Blas y Cynfyd (A Taste of Prehistory 1958) was followed by the colonial satire Tabyrddau'r Babongo (Drums of the Babongo 1961). He thus pioneered the use of genres unfamiliar to Welsh-speaking readers, provided them with a highly readable prose often set in contemporary settings, and did much to establish the position of the novel as a major genre in Welsh-language literature. For periods he set out to live off his writing, something hardly attempted before in modern Welsh.

Later works included Y Blaned Dirion (The Meek Planet 1968, another science fiction novel), Y Gromlech yn yr Haidd (The Dolmen in the Barley, 1971) and Eira Mawr (Great Snow, 1972).
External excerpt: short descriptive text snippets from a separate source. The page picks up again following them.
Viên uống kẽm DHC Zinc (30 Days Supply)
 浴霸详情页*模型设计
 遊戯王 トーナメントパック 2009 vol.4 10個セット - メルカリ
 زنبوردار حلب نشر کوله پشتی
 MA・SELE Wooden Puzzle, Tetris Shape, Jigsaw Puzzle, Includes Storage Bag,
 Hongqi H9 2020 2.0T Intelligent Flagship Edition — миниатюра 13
He also wrote a play, pamphlets, hundreds of articles and short stories as well as editing, with Gwyn Jones, Welsh Short Stories for the Oxford University Press (1956). His work has appeared in English, German, Italian and Irish translations. He was a lecturer and reader at the University of Wales, Lampeter between 1975 and 1988.

From his schooldays to the mid-1970s, Elis devoted a vast amount of time to politics. He ran as Plaid Cymru's candidate in Montgomeryshire in the 1959 and 1964 general elections and in a 1962 byelection. The so-called "Elvis Rock" graffito beside the A44 road in Ceredigion was originally written with the word "Ellis" by two of his supporters in the 1962 by-election, and subsequently altered to read "Elvis".

== Award ==
In retirement, he received a DLitt from the University of Wales. In 1999 a biography of Elis by T Robin Chapman, published in both Welsh and English, appeared.

In 2021, his novel Wythnos yng Nghymru Fydd that was translated into English by Stephen Morris (in 2019) was published as A Week in Future Wales by Cambria Futura.